INSTRUCTIONS TO FOLLOW: Reproduce the entries word for word, and omit any picture you find in them.

GIVEN DATA:
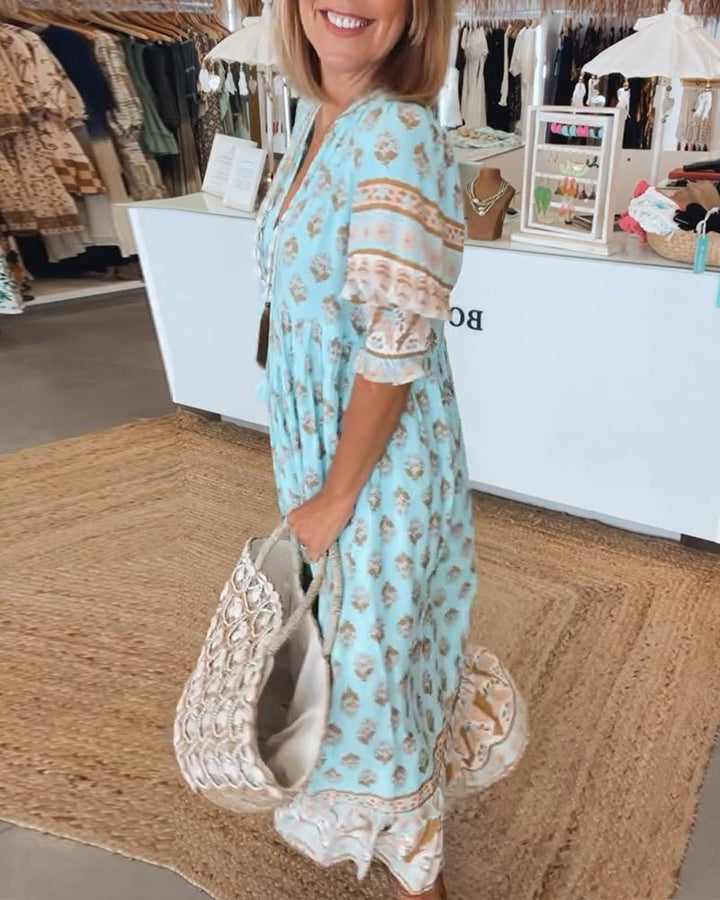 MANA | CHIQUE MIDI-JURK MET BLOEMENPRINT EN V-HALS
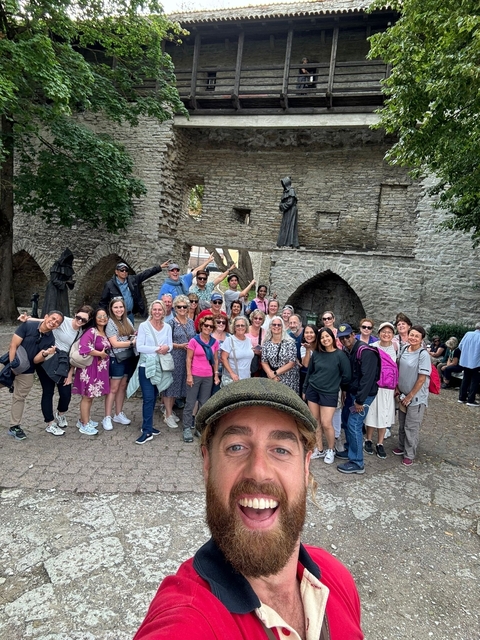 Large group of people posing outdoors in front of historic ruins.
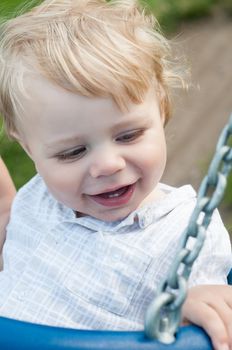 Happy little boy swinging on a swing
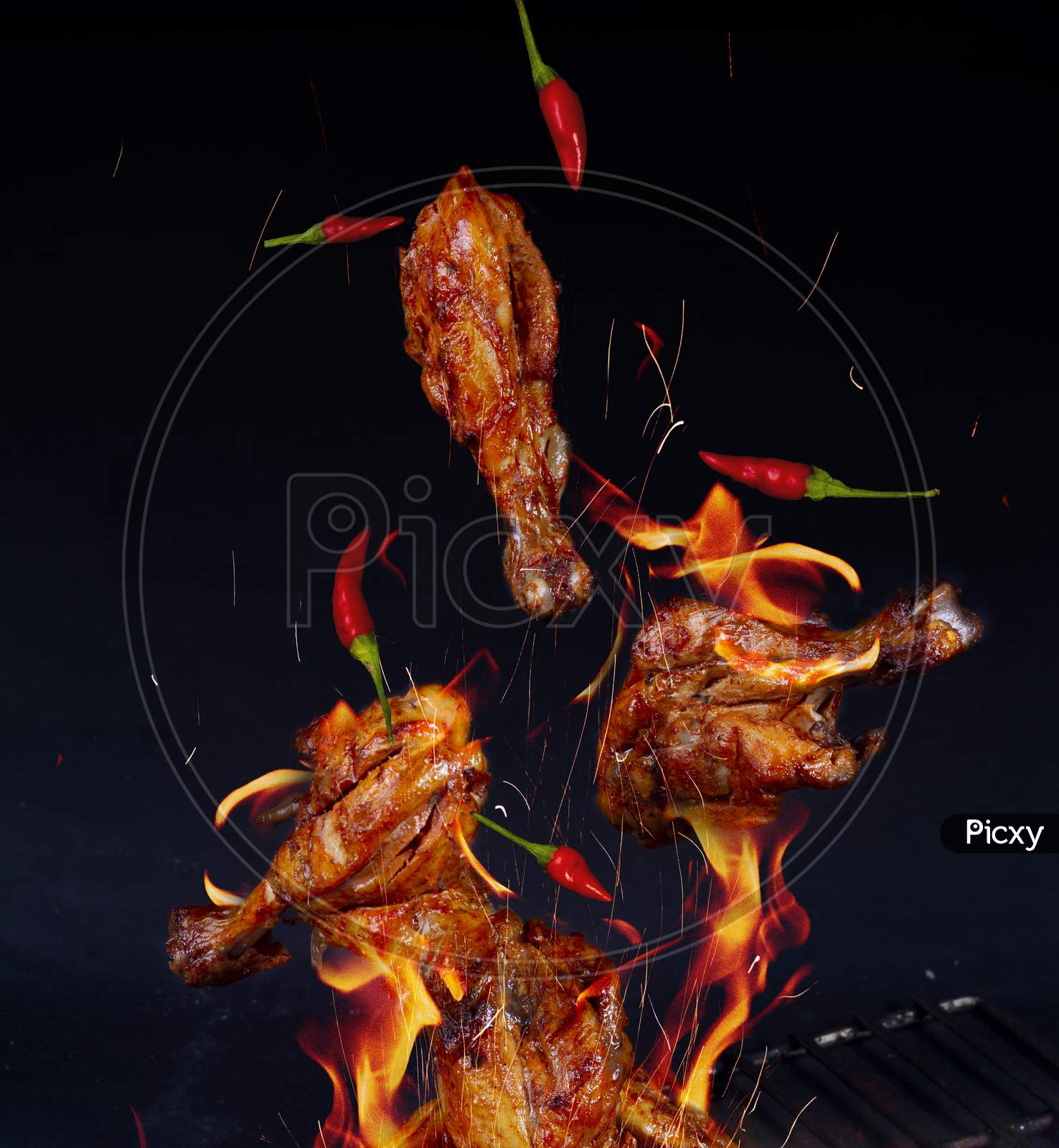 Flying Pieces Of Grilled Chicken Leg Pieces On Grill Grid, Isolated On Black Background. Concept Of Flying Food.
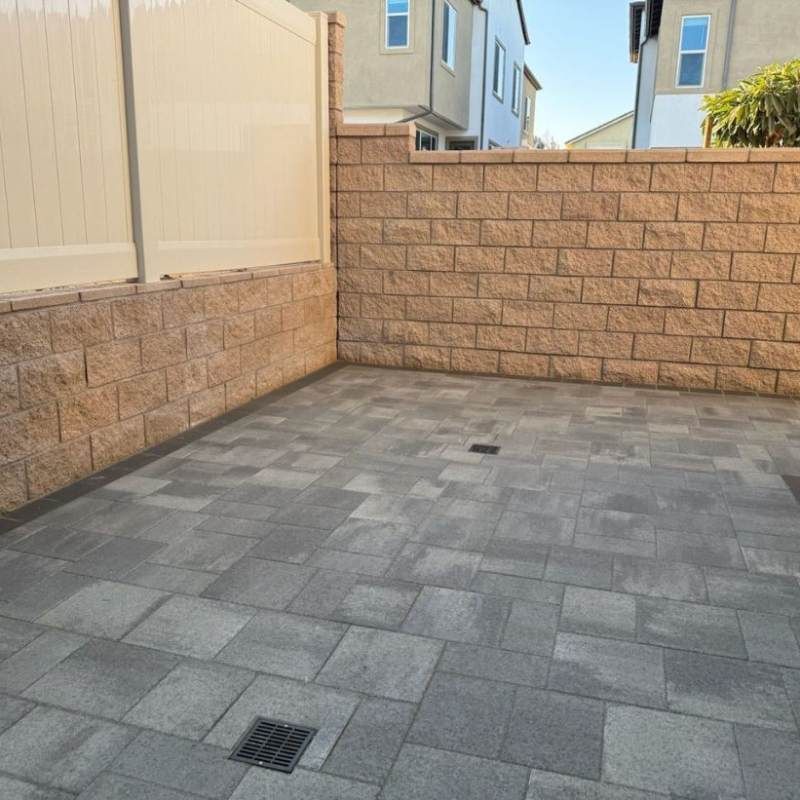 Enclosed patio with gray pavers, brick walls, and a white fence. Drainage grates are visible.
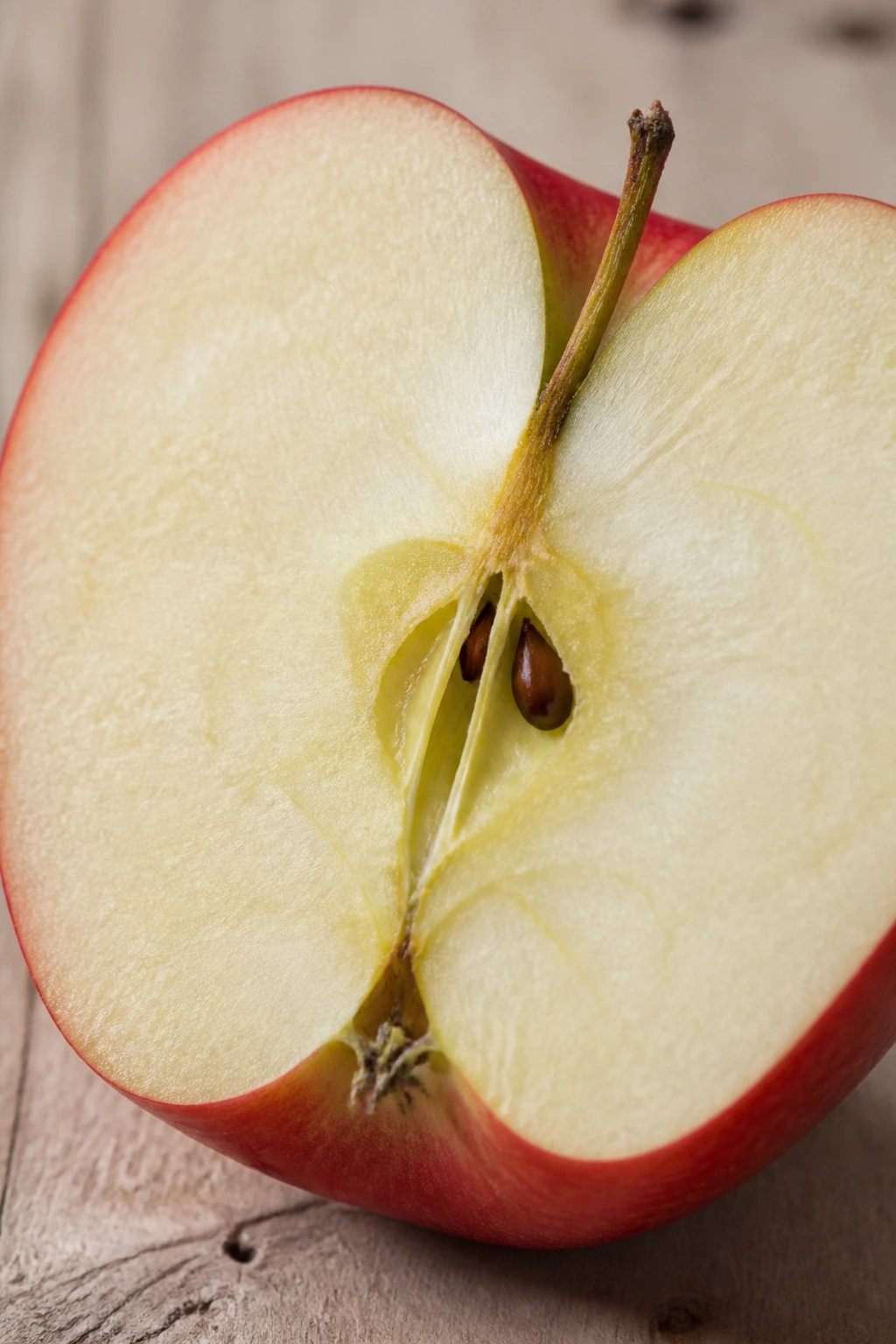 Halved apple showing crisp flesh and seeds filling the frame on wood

REPLY TO THE EXERCISE:
 MANA | CHIQUE MIDI-JURK MET BLOEMENPRINT EN V-HALS
 Large group of people posing outdoors in front of historic ruins.
 Happy little boy swinging on a swing
 Flying Pieces Of Grilled Chicken Leg Pieces On Grill Grid, Isolated On Black Background. Concept Of Flying Food.
 Enclosed patio with gray pavers, brick walls, and a white fence. Drainage grates are visible.
 Halved apple showing crisp flesh and seeds filling the frame on wood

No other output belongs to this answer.